> YOUR INSTRUCTIONS
Restate word for word the lines below, from the one containing "Christmas 1909 light" through the final line, with no pictures included.

> TASK MATERIAL
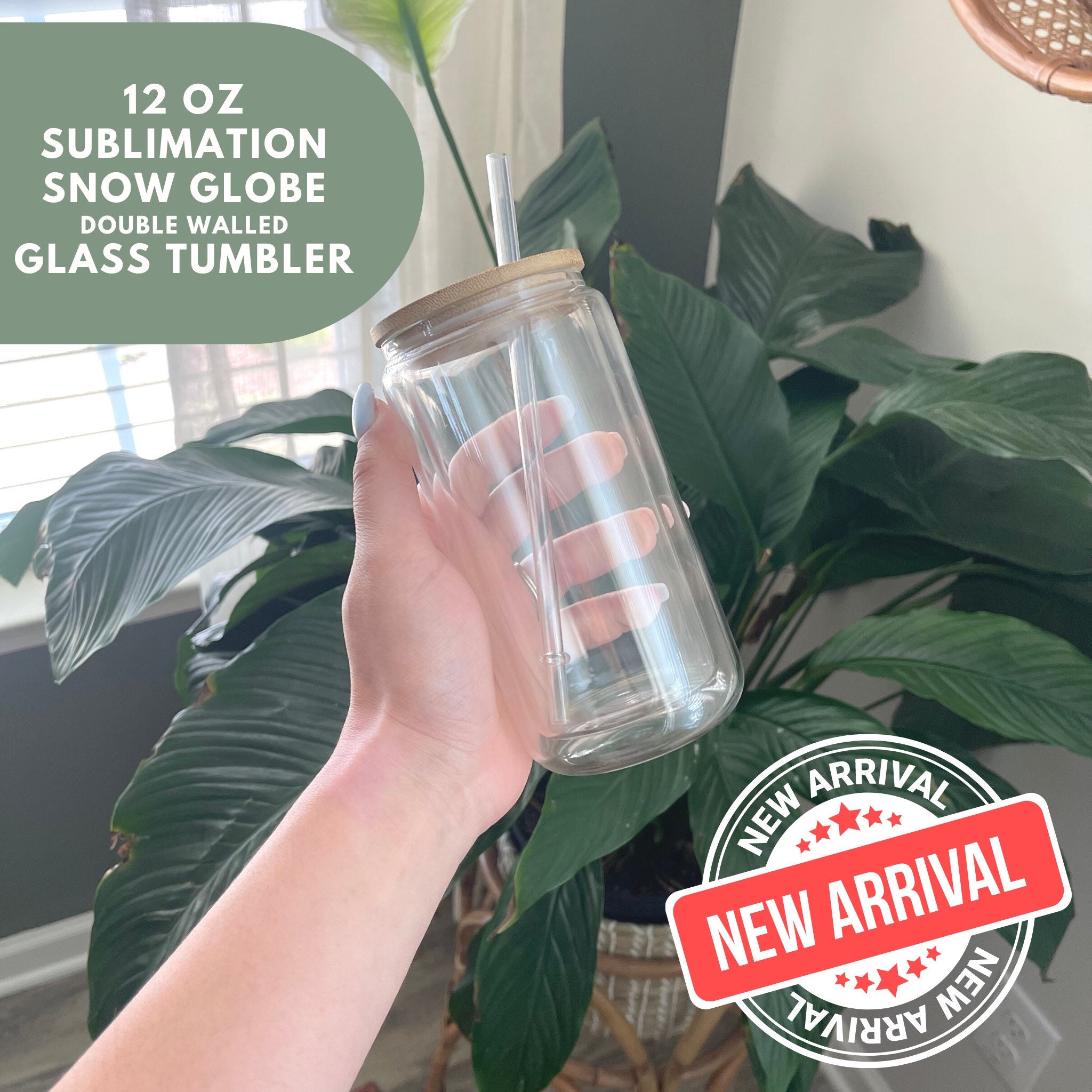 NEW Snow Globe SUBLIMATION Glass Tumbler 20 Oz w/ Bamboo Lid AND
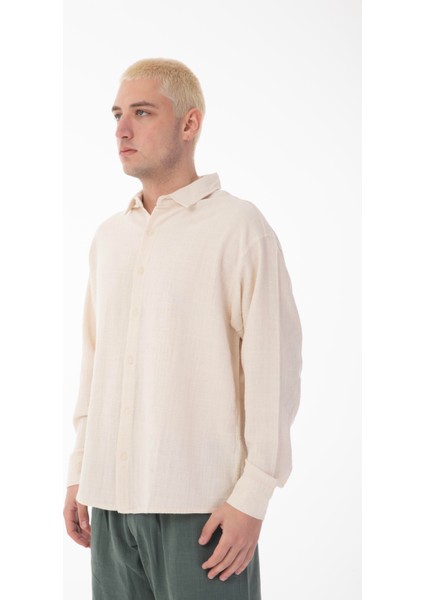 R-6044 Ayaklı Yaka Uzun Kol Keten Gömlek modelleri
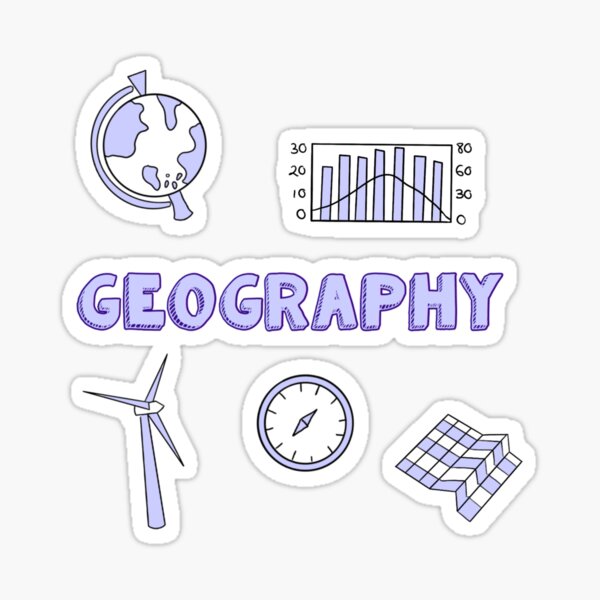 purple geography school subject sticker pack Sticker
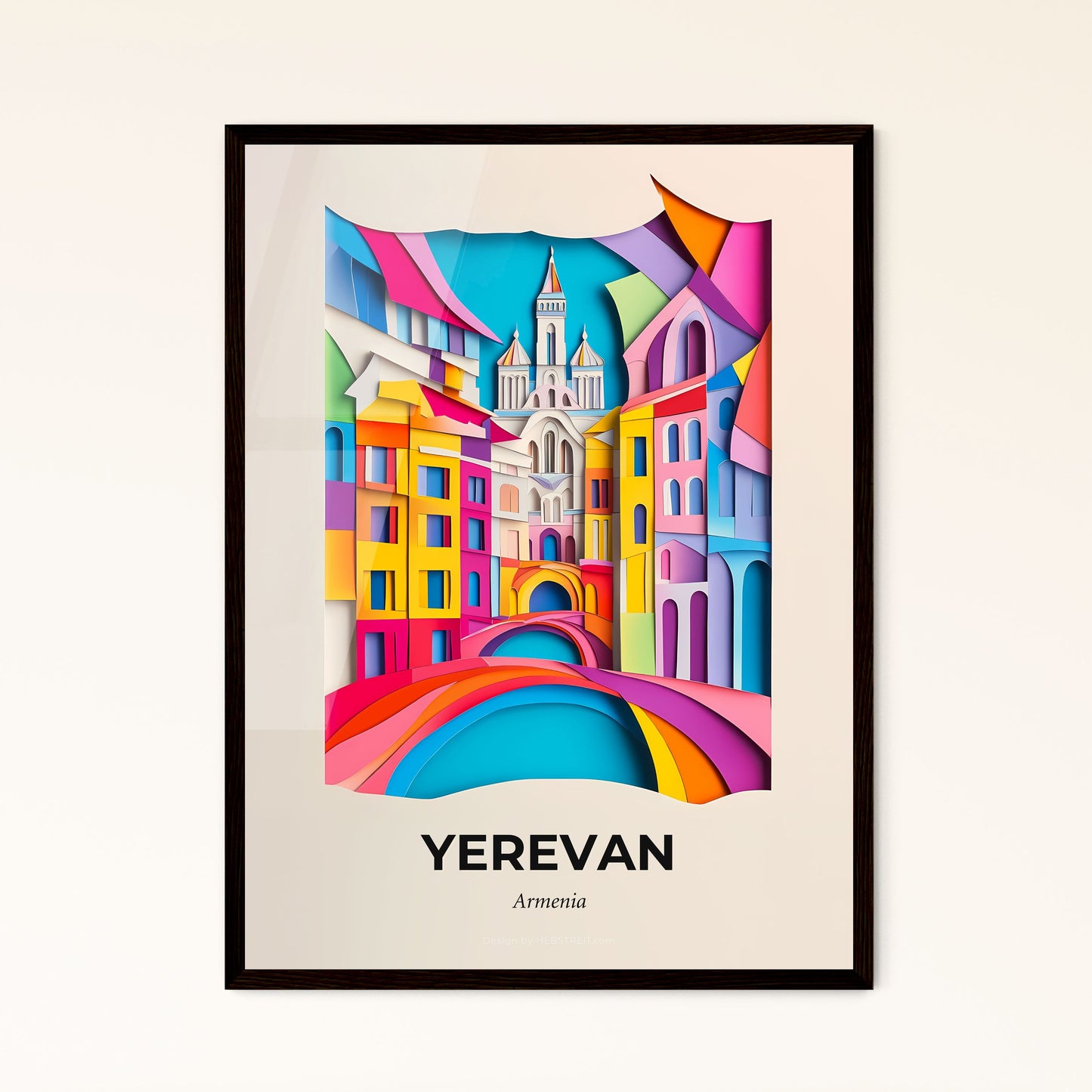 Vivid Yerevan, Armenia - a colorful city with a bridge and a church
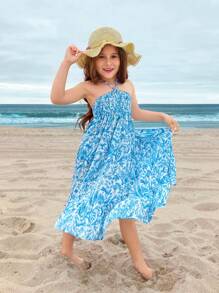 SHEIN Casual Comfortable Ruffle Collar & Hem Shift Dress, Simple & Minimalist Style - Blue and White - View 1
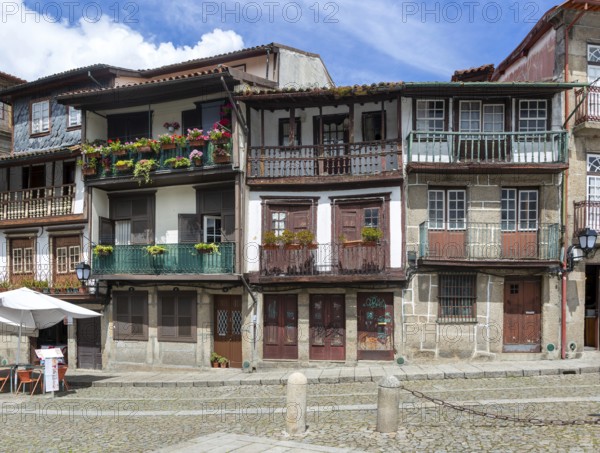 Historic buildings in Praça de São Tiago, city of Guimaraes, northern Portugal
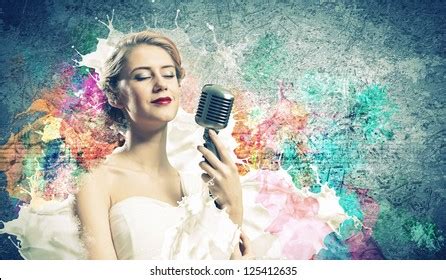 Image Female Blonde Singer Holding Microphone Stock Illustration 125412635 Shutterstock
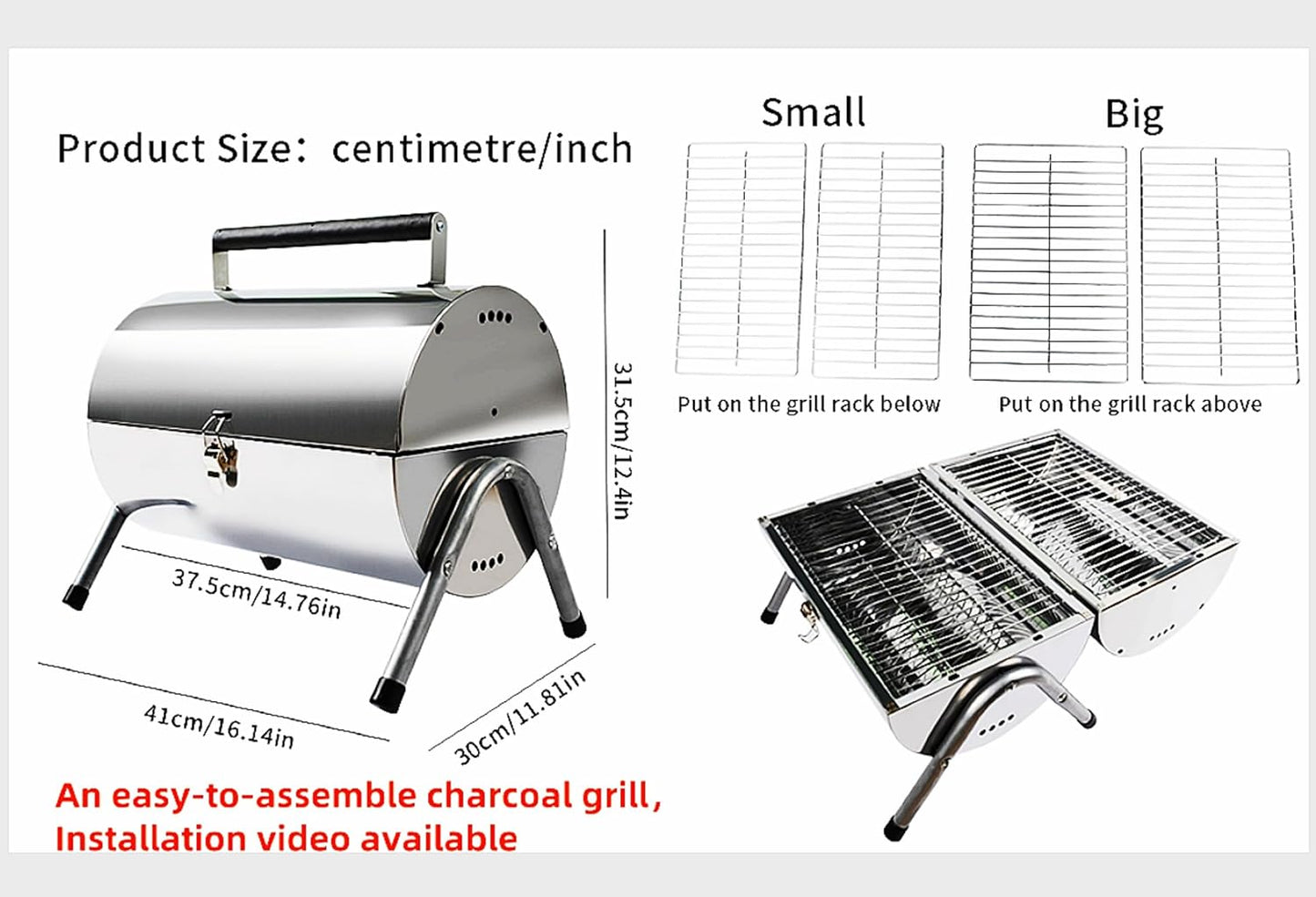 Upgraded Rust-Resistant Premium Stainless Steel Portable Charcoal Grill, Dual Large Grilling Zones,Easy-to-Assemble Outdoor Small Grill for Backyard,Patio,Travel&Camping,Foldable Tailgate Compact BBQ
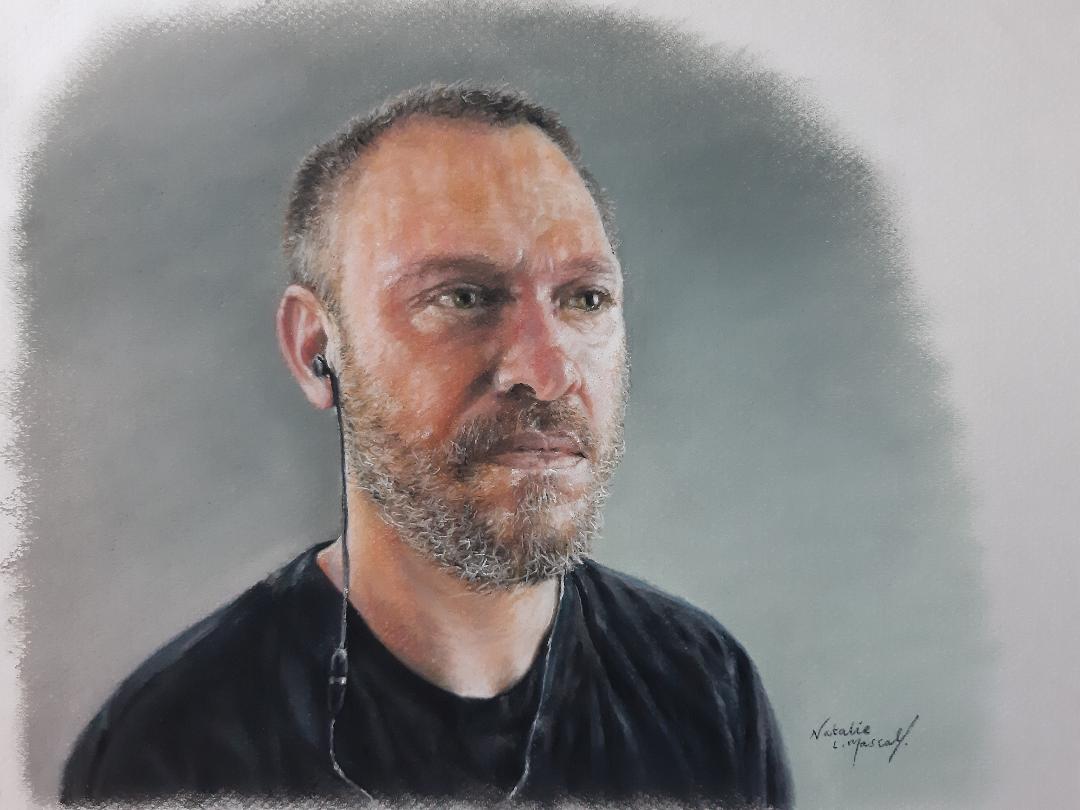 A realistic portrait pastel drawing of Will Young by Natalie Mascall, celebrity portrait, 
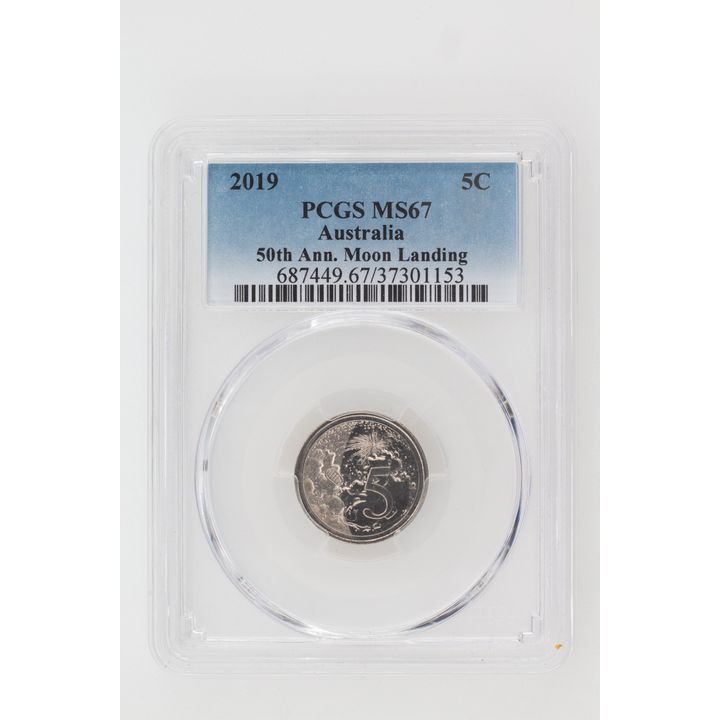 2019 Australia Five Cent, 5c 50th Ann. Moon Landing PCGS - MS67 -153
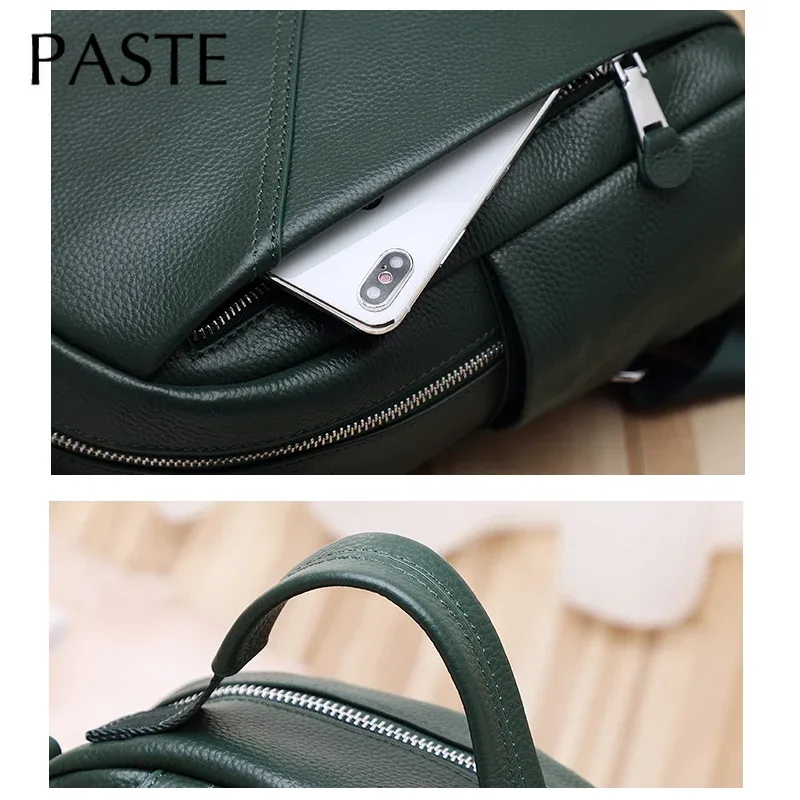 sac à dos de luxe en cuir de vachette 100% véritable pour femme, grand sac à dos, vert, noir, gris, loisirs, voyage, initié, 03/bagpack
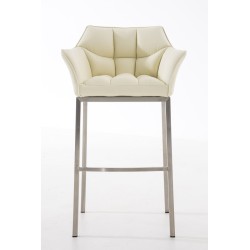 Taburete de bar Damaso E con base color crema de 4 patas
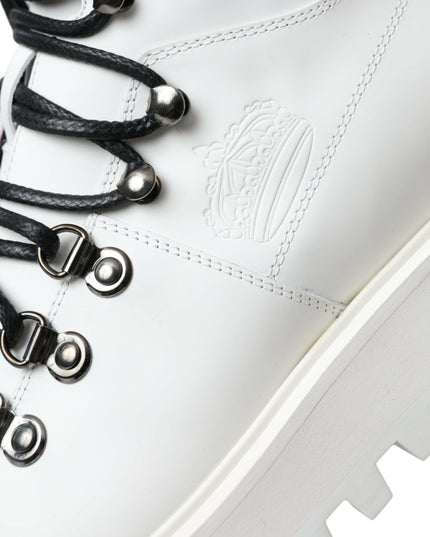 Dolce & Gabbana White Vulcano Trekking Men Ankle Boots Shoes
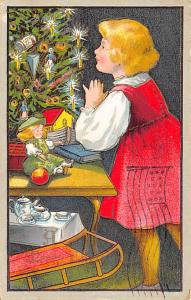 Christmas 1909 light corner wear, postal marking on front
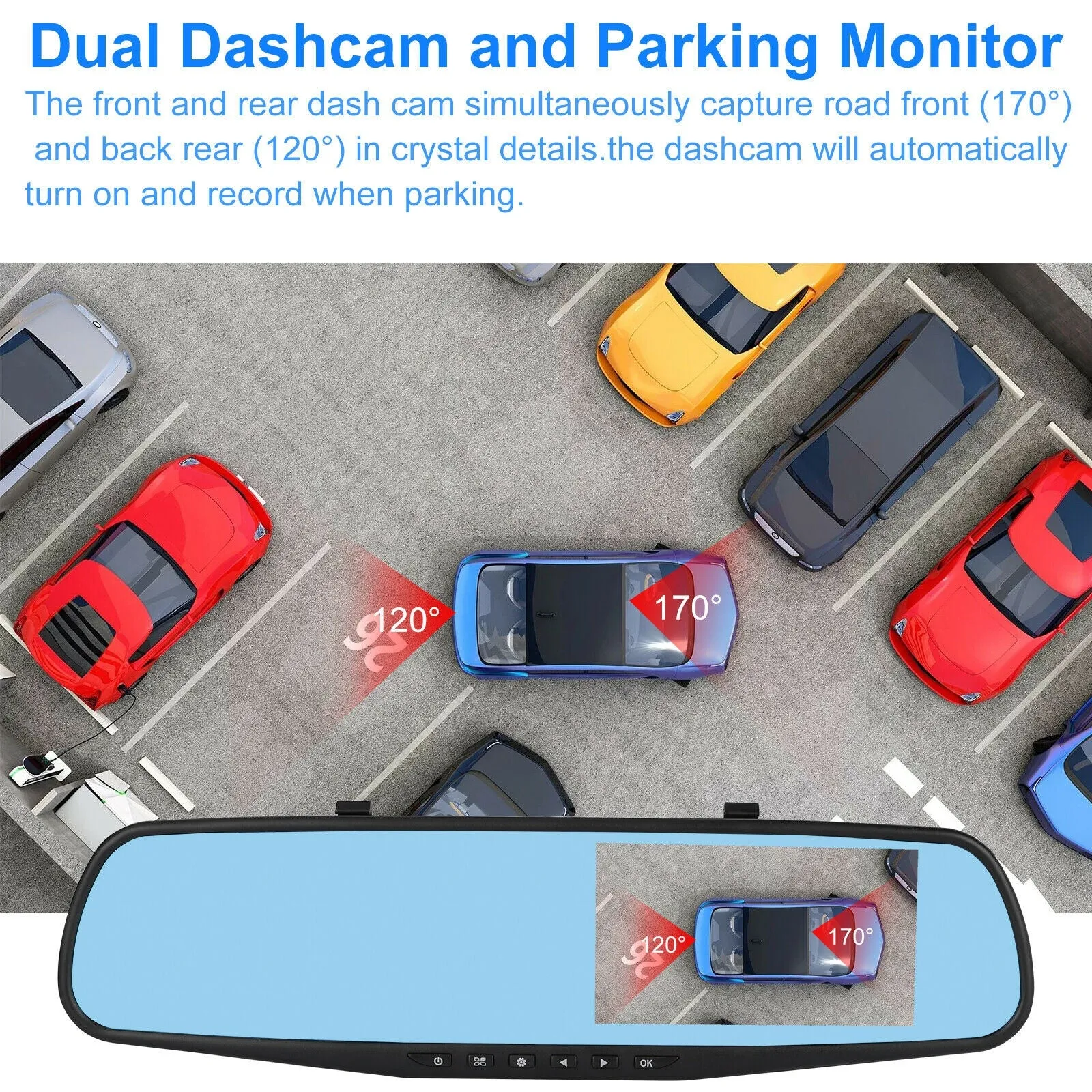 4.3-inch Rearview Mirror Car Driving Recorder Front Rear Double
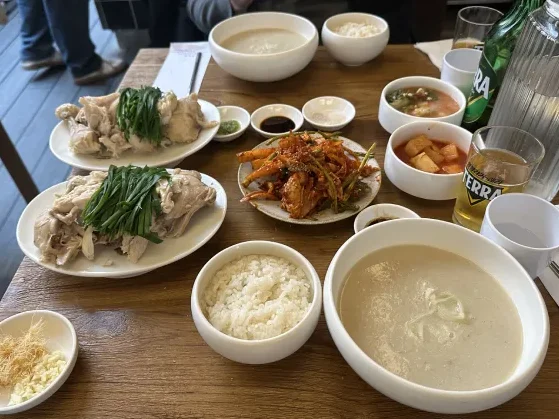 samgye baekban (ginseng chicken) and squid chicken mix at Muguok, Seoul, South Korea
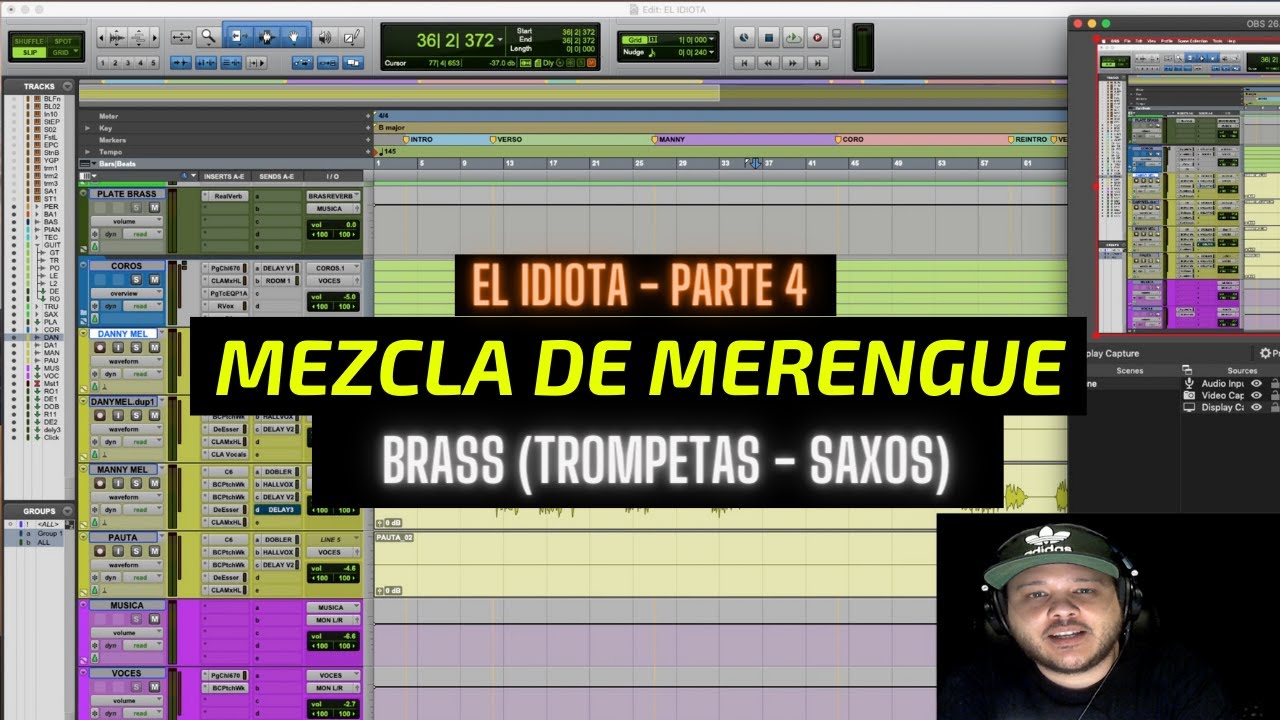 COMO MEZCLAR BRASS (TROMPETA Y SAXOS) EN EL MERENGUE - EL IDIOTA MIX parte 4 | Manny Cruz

> EXPECTED OUTPUT
 Christmas 1909 light corner wear, postal marking on front
 4.3-inch Rearview Mirror Car Driving Recorder Front Rear Double
 samgye baekban (ginseng chicken) and squid chicken mix at Muguok, Seoul, South Korea
 COMO MEZCLAR BRASS (TROMPETA Y SAXOS) EN EL MERENGUE - EL IDIOTA MIX parte 4 | Manny Cruz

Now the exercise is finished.